A few versions of "World's Best Dad" mugs. One of them chipped or glued back together.
A coaster set that has been used exactly zero times. Behind the mugs, a bottle of cologne
I bought him five years ago, that I have never once seen him use. A "personalized" cutting board with his initials
in a font I now find slightly tragic. A 14-piece grilling utensil set, still in the original cardboard sleeve.
It's a graveyard of things I’m scared to get rid of.
And I’m sure it’s not unique to my house. I assume women everywhere have some similar unmentionable cabinet just like this.
A quiet monument to a decade of Father's Day gifting that nobody really wanted, nobody really used, and nobody ever felt great about handing over.
So a few years ago, I just stopped.
There's something deeply strange about Father's Day gifting, and I think we should probably name it. Every June, we're presented with the same five categories of gifts, dressed in slightly different packaging. The mug, the tie, the grilling tools, the cologne, the socks.
And every June, we line up to participate. We buy, wrap, and hand it over. He says thanks, smiles, and that's that. The mug joins the cabinet, and we do it all again next year.
It's a sad little system when you really sit with it. Not because the gifts are bad (though, often, the gifts are bad,) but because nothing about the ritual actually says anything to him.
Here's what I think is going on.
When you buy your husband a Father's Day mug, you are not saying, “Here is something you wanted.” You are saying, “I am acknowledging that today is Father's Day and I am performing the cultural ritual of acquiring an object on its behalf.”
He knows this, you know this, and the mug knows this. What we're actually trying to say is something more like: “I see you and you showing up. You're a good dad. You're our dad! We notice, and we love you!”
But somewhere along the way, the cultural script for saying that to a man on Father's Day got handed over to a buying decision in the gift aisle at the big box store, and we've been faithfully executing it ever since. I think the problem is that men, broadly, don't really want stuff. I think what they want is to be seen.
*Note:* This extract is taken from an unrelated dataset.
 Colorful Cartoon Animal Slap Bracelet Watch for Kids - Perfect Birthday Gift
A few years ago, I was scrolling through my camera roll looking for a specific photo, and I got stuck. There he was at the school for the kindergarten graduation. There he was on the floor with the baby. There he was hiking with the baby strapped to him. There he was asleep on the couch with a kid splayed across his chest. There he was in the garden with the kids following him. There he was, and there he was, and there he was, in thousands of photos he had never seen.
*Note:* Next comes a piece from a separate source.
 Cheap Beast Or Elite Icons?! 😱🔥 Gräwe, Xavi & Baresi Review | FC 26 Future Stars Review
This realization came the day after I had been at the store, looking for the mugs. And the feeling came over me that I didn’t want to buy him just another thing for Father's Day. Instead, I gathered up a year of those photos, the ones he didn't know I'd taken, the ones I'd sent to our moms, the ones he'd never seen because he was the one in them and they were on my phone. And I made him a book of them.
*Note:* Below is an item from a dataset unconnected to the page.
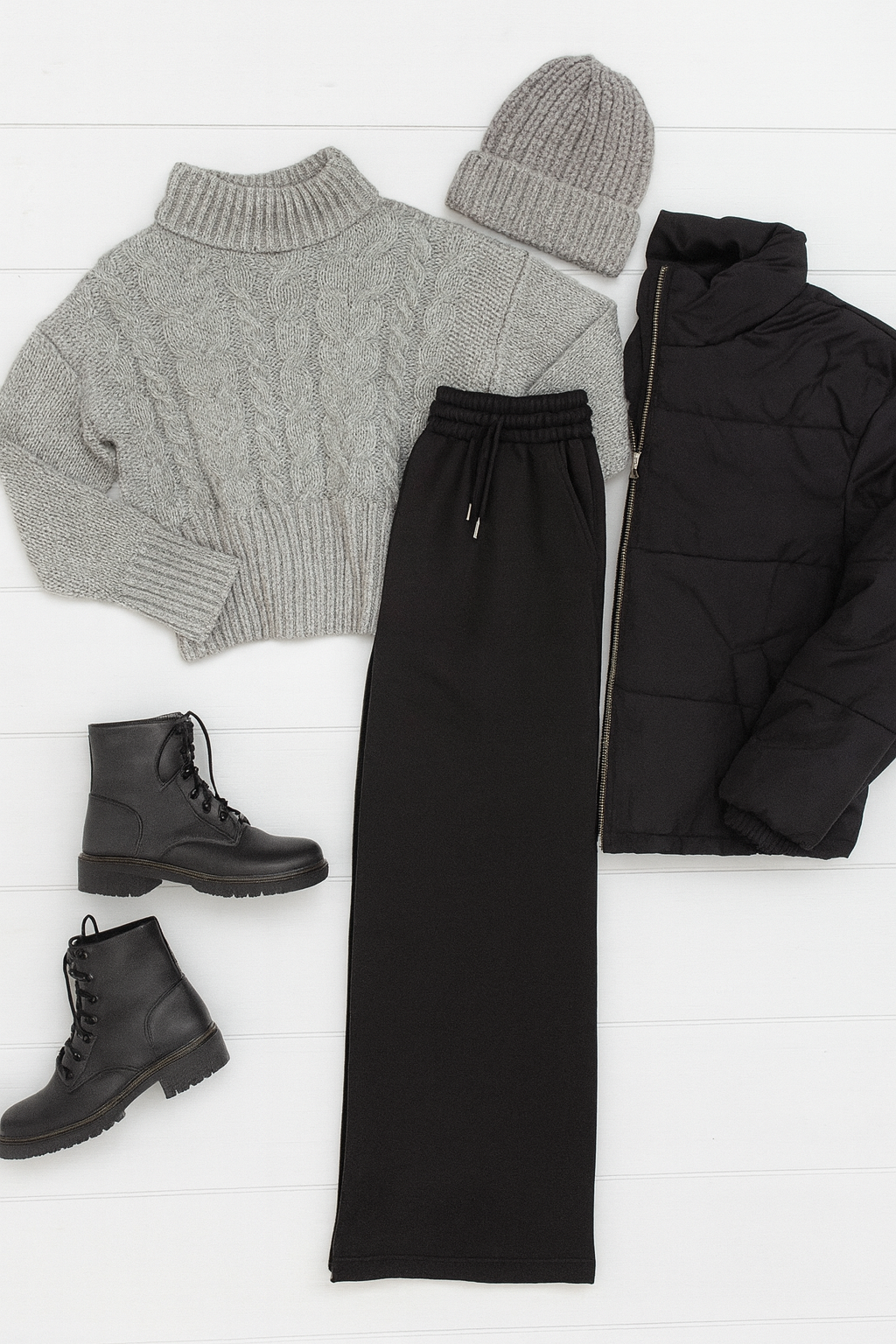 PreOrder | The Jenna - Comfy Wide Leg Fleece Sweatpants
He opened it on Father's Day morning in bed and went quiet. He flipped through it for a long time. And then he said the thing I'll never forget:
"I didn't know you saw all this."
Here's what I figured out that year. He didn't need a mug, socks, or cologne. He needed evidence.
Evidence of the mornings making pancakes. The hours I noticed him in the garden. That missing work for a graduation meant something. That his life as a dad, which sometimes might feel mostly small, mostly unphotographed to him, mostly happening while he's too in-the-middle-of-it to document, had a witness.
He had me. A witness, a photographer, a narrator of the household, and a memory keeper. He just didn't have the proof. But the book gave him the proof. Now, every Father's Day, he gets the same thing: a record of the year he just lived, from the only angle he can't see it from: mine.
We didn't get rid of the mugs. They're still up there, holding the chipped histories of Father's Days past. I keep them as a reminder of what we used to do because we didn't know what else to do. But now we know.
The thing every dad actually wants for Father's Day isn't on the shelf at the big box store. It's on your phone, right now, in the 4,000 photos he has never seen.
You're already taking the photos. You're already the historian, and you already have everything you need. You just have to give it to him!